WHAT TO PRODUCE
Output exactly, in the material below, the lines from the one with "Fuji Jari 1.5" through the one with "Main listing image - Volkswagen Passat Estate". Omit all pictures.

DATA SECTION

[Start of Attachment]

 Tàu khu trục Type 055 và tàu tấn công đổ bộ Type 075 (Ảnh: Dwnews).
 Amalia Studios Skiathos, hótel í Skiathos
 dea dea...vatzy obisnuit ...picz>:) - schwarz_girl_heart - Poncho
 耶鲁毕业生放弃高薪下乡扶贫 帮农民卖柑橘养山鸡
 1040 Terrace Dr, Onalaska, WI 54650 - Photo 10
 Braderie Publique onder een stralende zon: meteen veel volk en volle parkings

[End of Attachment]
[Start of Attachment]

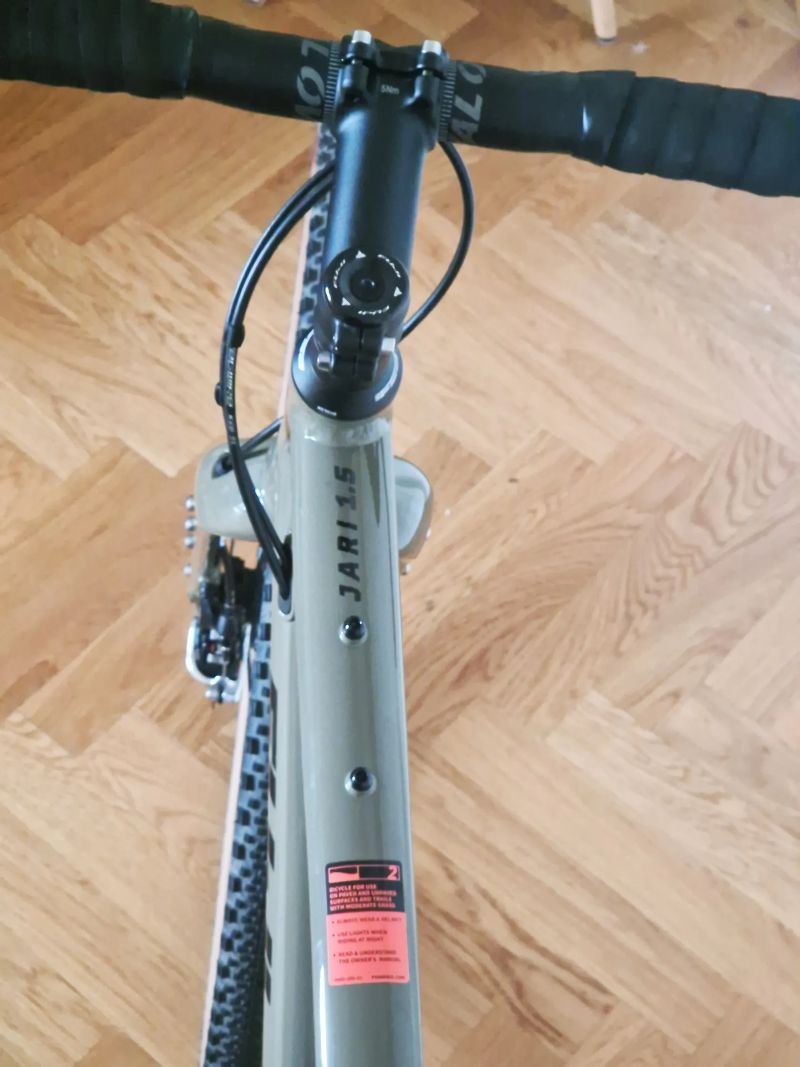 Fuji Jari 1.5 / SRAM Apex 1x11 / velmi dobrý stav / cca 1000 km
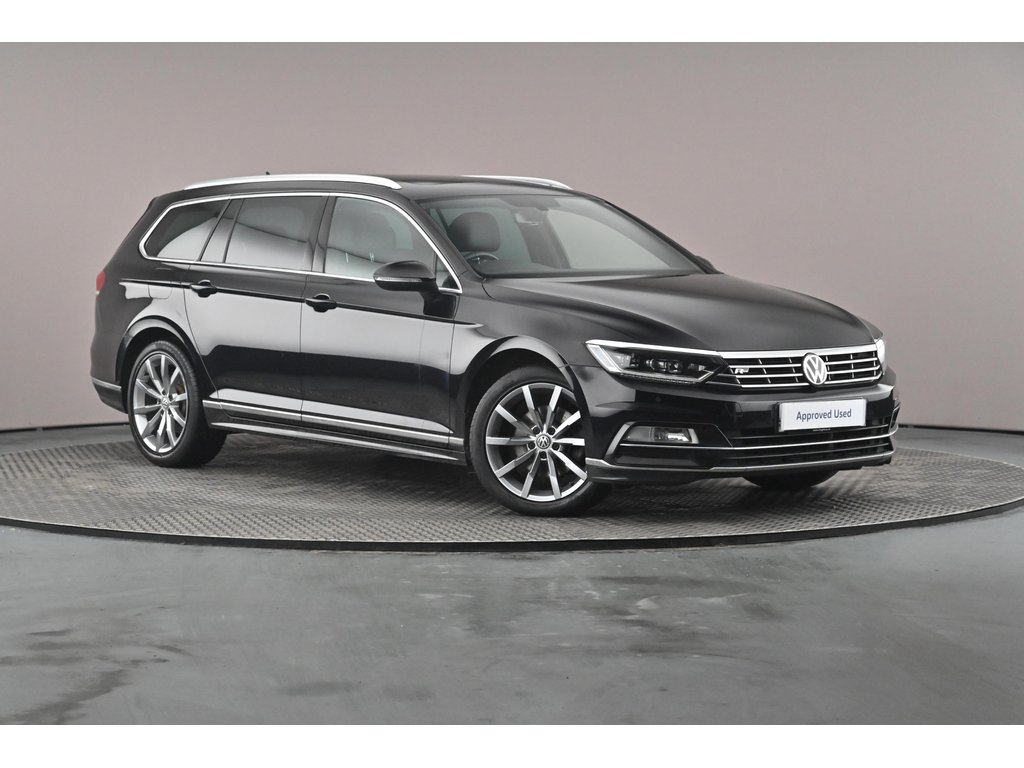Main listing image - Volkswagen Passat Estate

[End of Attachment]

EXERCISE RESPONSE
 Fuji Jari 1.5 / SRAM Apex 1x11 / velmi dobrý stav / cca 1000 km
Main listing image - Volkswagen Passat Estate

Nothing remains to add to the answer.